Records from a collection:
__________

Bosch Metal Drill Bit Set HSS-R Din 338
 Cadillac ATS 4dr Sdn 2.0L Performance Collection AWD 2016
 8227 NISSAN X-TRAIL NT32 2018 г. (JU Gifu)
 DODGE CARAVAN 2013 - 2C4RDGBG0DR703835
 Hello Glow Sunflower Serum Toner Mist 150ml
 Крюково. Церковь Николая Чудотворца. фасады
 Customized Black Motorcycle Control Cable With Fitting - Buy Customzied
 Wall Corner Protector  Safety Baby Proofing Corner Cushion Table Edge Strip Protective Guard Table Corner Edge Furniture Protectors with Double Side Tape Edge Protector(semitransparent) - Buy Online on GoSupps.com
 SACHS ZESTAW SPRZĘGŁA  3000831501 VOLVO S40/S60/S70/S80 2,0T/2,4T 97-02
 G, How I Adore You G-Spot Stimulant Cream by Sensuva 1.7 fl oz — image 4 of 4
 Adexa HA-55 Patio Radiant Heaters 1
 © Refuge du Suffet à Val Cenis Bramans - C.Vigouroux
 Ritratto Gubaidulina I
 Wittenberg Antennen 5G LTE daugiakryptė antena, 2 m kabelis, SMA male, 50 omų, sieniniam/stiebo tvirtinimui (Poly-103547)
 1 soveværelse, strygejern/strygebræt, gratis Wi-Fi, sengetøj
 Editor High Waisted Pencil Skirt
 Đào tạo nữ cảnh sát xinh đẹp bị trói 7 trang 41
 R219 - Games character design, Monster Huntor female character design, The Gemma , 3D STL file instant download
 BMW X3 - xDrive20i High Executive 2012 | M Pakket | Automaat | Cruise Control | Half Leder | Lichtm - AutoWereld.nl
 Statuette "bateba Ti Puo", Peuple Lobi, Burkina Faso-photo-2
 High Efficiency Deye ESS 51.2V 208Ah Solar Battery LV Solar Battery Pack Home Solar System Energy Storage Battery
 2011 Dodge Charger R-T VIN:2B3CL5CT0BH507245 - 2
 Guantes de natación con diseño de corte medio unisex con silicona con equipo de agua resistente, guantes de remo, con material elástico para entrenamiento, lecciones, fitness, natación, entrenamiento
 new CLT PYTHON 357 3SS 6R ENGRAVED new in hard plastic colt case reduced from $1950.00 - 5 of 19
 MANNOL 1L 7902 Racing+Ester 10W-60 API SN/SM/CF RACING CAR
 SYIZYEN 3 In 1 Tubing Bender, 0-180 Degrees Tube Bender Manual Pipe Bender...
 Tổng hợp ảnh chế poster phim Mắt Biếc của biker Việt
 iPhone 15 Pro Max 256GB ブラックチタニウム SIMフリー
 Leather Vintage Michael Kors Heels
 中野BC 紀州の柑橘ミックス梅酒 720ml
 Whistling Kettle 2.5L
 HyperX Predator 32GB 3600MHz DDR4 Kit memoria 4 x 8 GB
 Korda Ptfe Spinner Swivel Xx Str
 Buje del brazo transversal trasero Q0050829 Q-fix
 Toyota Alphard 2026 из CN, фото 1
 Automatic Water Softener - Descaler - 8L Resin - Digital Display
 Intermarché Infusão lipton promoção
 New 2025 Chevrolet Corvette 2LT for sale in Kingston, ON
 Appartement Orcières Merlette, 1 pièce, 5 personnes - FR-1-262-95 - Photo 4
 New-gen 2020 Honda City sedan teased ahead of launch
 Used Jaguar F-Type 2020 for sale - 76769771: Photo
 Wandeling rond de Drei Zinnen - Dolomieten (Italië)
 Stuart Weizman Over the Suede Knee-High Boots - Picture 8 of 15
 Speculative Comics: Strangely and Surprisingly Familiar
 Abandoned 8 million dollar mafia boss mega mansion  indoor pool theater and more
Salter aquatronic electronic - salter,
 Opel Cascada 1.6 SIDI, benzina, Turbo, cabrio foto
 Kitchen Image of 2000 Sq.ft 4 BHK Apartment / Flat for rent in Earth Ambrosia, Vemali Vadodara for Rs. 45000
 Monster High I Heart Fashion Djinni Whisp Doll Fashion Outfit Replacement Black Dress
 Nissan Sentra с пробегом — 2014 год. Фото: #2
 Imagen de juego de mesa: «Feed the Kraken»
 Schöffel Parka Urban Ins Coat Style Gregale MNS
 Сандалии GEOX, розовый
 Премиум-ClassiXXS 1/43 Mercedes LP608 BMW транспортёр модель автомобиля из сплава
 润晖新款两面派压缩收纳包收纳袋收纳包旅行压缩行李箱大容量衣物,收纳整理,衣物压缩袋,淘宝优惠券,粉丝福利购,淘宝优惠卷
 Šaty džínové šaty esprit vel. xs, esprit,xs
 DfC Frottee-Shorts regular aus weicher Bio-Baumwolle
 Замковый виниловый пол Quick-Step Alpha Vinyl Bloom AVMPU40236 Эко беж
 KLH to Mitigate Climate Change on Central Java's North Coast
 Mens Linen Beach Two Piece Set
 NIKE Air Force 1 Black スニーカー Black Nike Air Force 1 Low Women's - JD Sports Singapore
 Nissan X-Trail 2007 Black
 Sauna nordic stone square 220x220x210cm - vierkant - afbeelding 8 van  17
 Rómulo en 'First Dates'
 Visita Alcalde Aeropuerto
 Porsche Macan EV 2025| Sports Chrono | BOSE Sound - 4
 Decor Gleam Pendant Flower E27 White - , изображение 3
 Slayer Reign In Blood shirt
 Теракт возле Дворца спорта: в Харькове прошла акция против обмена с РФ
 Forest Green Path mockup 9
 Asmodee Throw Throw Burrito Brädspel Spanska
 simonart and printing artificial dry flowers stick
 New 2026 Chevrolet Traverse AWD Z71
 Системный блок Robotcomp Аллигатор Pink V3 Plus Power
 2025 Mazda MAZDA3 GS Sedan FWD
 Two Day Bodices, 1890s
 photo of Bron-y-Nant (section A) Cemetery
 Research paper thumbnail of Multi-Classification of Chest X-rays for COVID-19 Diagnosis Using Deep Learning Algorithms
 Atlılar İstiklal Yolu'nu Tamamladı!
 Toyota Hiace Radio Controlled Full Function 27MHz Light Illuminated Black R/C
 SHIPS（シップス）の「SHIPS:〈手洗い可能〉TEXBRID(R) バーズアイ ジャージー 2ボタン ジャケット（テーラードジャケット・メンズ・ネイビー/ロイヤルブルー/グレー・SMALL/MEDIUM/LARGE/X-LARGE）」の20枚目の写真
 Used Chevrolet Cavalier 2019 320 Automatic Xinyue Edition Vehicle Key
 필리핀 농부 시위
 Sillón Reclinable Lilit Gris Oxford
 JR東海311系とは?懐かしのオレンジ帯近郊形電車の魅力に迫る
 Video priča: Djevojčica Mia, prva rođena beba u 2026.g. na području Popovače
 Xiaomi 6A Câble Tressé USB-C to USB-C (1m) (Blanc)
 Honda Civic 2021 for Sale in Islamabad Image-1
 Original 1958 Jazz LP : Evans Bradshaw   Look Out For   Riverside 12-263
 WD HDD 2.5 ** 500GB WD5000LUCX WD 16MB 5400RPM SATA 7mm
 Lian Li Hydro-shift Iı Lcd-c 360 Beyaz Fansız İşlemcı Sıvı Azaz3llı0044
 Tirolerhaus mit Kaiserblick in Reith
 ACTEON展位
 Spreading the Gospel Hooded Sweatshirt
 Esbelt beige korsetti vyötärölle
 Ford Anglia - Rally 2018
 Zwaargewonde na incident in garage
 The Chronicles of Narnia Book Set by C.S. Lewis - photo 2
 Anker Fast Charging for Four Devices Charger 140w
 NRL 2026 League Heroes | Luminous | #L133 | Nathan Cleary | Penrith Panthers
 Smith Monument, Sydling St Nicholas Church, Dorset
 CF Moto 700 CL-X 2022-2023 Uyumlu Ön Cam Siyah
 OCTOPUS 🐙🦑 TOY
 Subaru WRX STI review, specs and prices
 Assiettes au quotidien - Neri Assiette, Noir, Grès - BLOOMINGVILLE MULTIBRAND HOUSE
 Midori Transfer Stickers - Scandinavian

__________

# Instructions to follow:
Look above for the line holding "Wandeling rond de" and the line holding "New 2026 Chevrolet Traverse AWD Z71". Retype both, and every line between them, word for word and nothing else.

# Output of the task:
 Wandeling rond de Drei Zinnen - Dolomieten (Italië)
 Stuart Weizman Over the Suede Knee-High Boots - Picture 8 of 15
 Speculative Comics: Strangely and Surprisingly Familiar
 Abandoned 8 million dollar mafia boss mega mansion  indoor pool theater and more
Salter aquatronic electronic - salter,
 Opel Cascada 1.6 SIDI, benzina, Turbo, cabrio foto
 Kitchen Image of 2000 Sq.ft 4 BHK Apartment / Flat for rent in Earth Ambrosia, Vemali Vadodara for Rs. 45000
 Monster High I Heart Fashion Djinni Whisp Doll Fashion Outfit Replacement Black Dress
 Nissan Sentra с пробегом — 2014 год. Фото: #2
 Imagen de juego de mesa: «Feed the Kraken»
 Schöffel Parka Urban Ins Coat Style Gregale MNS
 Сандалии GEOX, розовый
 Премиум-ClassiXXS 1/43 Mercedes LP608 BMW транспортёр модель автомобиля из сплава
 润晖新款两面派压缩收纳包收纳袋收纳包旅行压缩行李箱大容量衣物,收纳整理,衣物压缩袋,淘宝优惠券,粉丝福利购,淘宝优惠卷
 Šaty džínové šaty esprit vel. xs, esprit,xs
 DfC Frottee-Shorts regular aus weicher Bio-Baumwolle
 Замковый виниловый пол Quick-Step Alpha Vinyl Bloom AVMPU40236 Эко беж
 KLH to Mitigate Climate Change on Central Java's North Coast
 Mens Linen Beach Two Piece Set
 NIKE Air Force 1 Black スニーカー Black Nike Air Force 1 Low Women's - JD Sports Singapore
 Nissan X-Trail 2007 Black
 Sauna nordic stone square 220x220x210cm - vierkant - afbeelding 8 van  17
 Rómulo en 'First Dates'
 Visita Alcalde Aeropuerto
 Porsche Macan EV 2025| Sports Chrono | BOSE Sound - 4
 Decor Gleam Pendant Flower E27 White - , изображение 3
 Slayer Reign In Blood shirt
 Теракт возле Дворца спорта: в Харькове прошла акция против обмена с РФ
 Forest Green Path mockup 9
 Asmodee Throw Throw Burrito Brädspel Spanska
 simonart and printing artificial dry flowers stick
 New 2026 Chevrolet Traverse AWD Z71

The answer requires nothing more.